A reception for the dual opening the DANZA DE LOS FANTASTICOS Y EL SUPER MIX exhibit of the art of Cruz Ortiz and Olivia Ortiz’s COSMIC LINES: From There to Here is set for Friday, March 1, at 6 p.m. at the Laredo Center for the Arts.
The Cruz Ortiz exhibit is set in the main gallery of the Center, while Olivia’s hangs in the mezzanine.
Cruz Ortiz
Cruz Ortiz uses print, performance and film to address issues related to his experiences growing up in the bicultural landscape of South Texas.
Grounded in the history of art, contemporary art practices, and social-political culture movements, his unique language fuses with symbols of contemporary pop culture such as taco trucks, tire shop signage, and an alter ego named SPAZTEK. He engages the public with interactive works such as wheat pasta, communal art events, guerrilla AM radio broadcasts, and ephemeral street sculptures.
He has had solo exhibitions at Artpace in San Antonio; the Contemporary Art Museum in Houston; and the University of Texas-Austin.

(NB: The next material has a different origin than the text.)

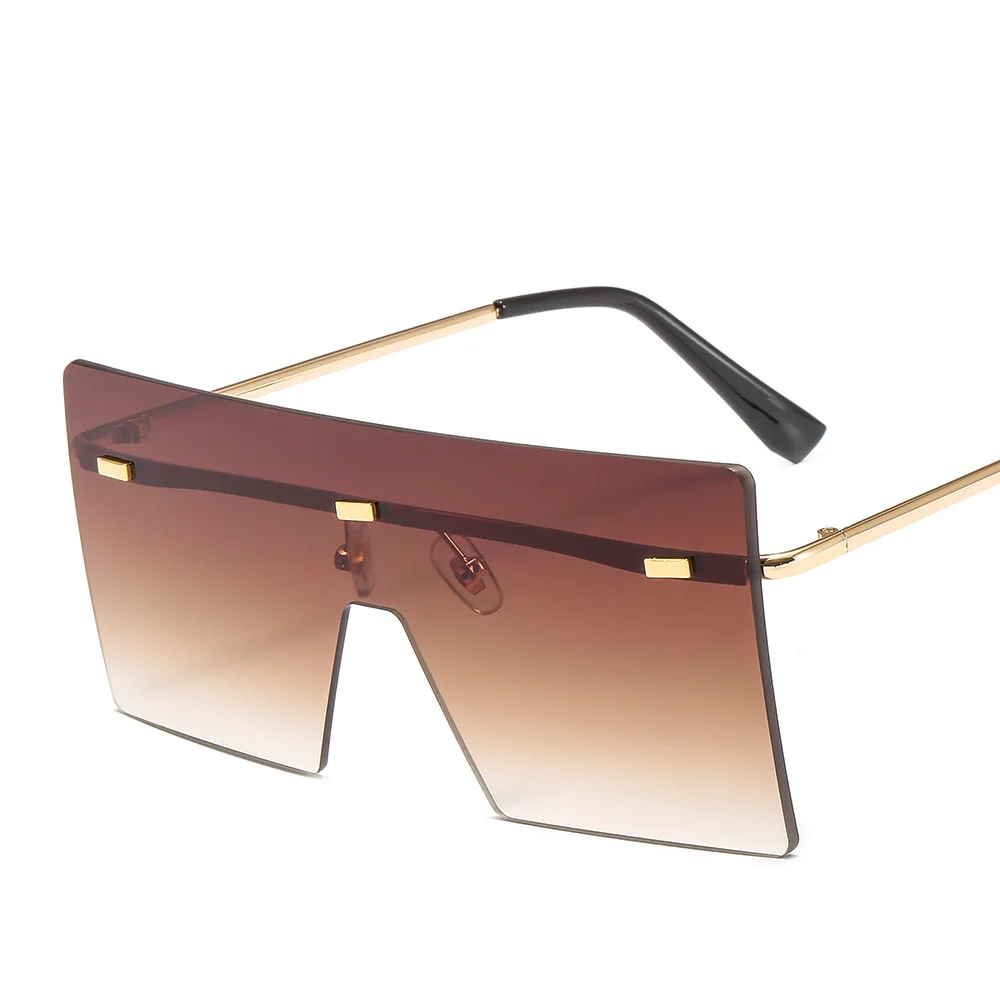 

Free shipping New frameless conjoined Sunglasses square large frame sunglasses Fashion ocean color sunglasses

He has been invited to numerous international exhibitions and institution such as the Lourvre; EV-A in Limerick, Ireland; the traveling exhibiton Phantom Sightings with the Los Angeles County Museum of Art; and the San Juan Triennial in San Juan Puerto Rico.
Olivia Ortiz
Artist, humanitarian, and educator Olivia Ortiz has dedicated herself to the development and enrichment of her community. Heavily influenced by the community leadership of her grandmother and growing up in San Antonio, Olivia began her professional career as an educator, teaching English and Special Education.
During her nine years in the classroom, she began to see the needs not only of her students, but of the larger San Antonio community. Social justice, accurate representation and speaking authentically to the Latinx community became the driving forces behind her work. In 2009, she met fellow teacher Cruz Ortiz. They married in 2012, beginning what has become a decade of collaboration.
The exhibits close with a reception on Friday, May 3, from 6 to 9 p.m.
Writings by both Cruz and Olivia follow here as sidebars.
SIDEBAR I
DANZA DE LOS FANTASTICOS Y EL SUPER MIX
By Cruz Ortiz at the Laredo Center for the Arts
At times the world is filled with darkness. Oftentimes it is difficult to see the love and beauty that fills the gaps between us.
“To know love for what it actually is: a perpetual discovery, an immersion in the waters of reality, and an unending re-creation.”
– Octavio Paz
It’s the gap that interests me the most – NEPANTLA TIME – not as the line between masses but the gap as a cosmic center. Rejecting la frontera as a peripheral existence and announcing fronterizmo as a series of mega-epicenters, como fluid filled pulsating muddy earthen vertebrae sprouting with plantas and river animalitos.
The love and beauty part is what I want to paint – and tambien the tristeza, all at the same time. Depicting the gente of our times and of the people who have defended the joys of this tierra.
I often think about being in that electronic cumbia danza sonido beats, just coasting, as if my body and mind need to heal a little bit. And sometimes a little solito – pero sometimes drifting with my partner while carefully trying not to step on her tacones.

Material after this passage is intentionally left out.